I remained silent, allowing him as much time as he needed to process his thoughts.

“I guess the most honest answer to your question is that I loved my teammates and enjoyed the time we spent together. Many of them have become lifelong friends, ones who I would give my life for without ever being asked. But…” he trailed off while he stared off into the distance.

He swallowed several times before clearing his throat. “But part of being a SEAL means taking lives when it serves the mission.” Finn’s voice grew hollow at his confession. “Of course, the goal is always to preserve life whenever possible, but when it comes to warfare, death is a part of life.”

The urge to climb into his lap and hold him until he was whole again overwhelmed me, but I knew better than most it wasn’t that simple. Settling for what comfort I could offer, I reached over and wrapped my hand around his.
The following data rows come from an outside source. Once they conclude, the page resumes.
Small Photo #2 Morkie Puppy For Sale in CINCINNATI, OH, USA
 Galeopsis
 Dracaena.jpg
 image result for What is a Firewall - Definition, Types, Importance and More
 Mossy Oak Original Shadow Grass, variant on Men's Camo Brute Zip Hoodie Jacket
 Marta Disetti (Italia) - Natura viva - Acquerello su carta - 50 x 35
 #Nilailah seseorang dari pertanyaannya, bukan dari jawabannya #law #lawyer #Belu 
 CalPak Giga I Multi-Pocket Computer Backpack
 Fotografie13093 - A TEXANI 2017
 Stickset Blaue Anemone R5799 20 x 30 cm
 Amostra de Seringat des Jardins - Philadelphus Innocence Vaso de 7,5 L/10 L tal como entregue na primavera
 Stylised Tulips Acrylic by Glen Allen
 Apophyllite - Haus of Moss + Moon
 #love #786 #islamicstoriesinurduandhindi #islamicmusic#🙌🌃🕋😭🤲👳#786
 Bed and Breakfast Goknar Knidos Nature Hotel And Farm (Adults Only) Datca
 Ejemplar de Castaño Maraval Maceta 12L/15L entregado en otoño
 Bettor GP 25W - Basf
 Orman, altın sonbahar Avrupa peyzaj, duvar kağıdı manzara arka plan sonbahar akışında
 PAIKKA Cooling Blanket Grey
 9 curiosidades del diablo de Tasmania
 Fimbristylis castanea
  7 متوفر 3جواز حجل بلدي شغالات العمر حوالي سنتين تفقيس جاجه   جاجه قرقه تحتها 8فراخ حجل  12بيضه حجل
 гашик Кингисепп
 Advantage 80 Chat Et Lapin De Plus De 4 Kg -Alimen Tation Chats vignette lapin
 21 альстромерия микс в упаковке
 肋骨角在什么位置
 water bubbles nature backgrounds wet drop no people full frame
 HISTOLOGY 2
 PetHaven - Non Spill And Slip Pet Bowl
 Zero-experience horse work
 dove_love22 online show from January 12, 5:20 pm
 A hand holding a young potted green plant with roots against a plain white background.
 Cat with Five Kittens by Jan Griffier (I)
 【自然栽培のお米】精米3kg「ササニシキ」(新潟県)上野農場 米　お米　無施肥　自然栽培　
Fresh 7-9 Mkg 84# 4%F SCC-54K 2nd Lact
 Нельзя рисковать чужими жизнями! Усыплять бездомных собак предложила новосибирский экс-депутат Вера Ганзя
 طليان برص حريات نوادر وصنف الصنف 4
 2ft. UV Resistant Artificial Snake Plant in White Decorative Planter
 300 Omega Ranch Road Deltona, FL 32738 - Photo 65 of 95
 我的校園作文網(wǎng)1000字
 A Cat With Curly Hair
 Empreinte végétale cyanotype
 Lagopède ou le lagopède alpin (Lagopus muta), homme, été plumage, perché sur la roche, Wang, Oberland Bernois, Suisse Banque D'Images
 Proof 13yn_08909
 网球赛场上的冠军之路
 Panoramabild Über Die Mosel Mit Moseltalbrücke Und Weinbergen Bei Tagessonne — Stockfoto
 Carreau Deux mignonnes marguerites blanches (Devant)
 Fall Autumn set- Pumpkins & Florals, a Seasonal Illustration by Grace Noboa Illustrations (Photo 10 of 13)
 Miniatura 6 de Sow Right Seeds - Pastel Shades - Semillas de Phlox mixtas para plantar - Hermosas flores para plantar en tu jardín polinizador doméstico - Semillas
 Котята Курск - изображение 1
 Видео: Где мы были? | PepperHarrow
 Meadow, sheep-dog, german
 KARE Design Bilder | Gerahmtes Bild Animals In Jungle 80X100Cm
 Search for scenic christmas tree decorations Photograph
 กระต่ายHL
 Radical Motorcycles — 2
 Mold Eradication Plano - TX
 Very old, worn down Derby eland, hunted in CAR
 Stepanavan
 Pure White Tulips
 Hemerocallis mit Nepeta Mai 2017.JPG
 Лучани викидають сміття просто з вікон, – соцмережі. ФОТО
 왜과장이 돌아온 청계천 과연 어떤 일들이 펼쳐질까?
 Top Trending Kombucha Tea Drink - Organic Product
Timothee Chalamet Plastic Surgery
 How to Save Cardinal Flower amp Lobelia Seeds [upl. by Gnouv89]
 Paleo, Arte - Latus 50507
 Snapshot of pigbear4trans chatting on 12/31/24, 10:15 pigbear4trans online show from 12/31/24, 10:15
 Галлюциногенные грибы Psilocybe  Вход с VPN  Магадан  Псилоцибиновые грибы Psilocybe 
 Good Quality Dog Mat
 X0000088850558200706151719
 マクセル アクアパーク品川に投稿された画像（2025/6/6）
When Finn’s eyes met mine, the anguish and despair I saw there nearly took my breath away – both because of the pain I could see he lived with every day and because of his willingness to share this side of himself with me.

“So, while I wouldn’t trade any of my time as a SEAL, it came with a cost I’ve been paying ever since.” He looked back toward the woods as if he was searching for something. “It’s a curious thing to both be grateful for something and resent it at the same time.”

He looked directly at me. “But I’m betting you know a thing or two about conflicting emotions."

His statement hung in the air, but I remained silent. Yes, that was something I was well acquainted with. While I was grateful to no longer be living in my car, life with Daniel brought its own set of… challenges .

When I reflected on the events that led me to this moment, I was shocked to discover I didn’t regret them. If I didn’t go through everything back in L.A., I wouldn’t be here with Finn.

The idea of never meeting Finn filled me with sorrow. I wasn’t grateful for my time with Daniel, but I couldn’t shake the feeling I ended up exactly where I was supposed to be.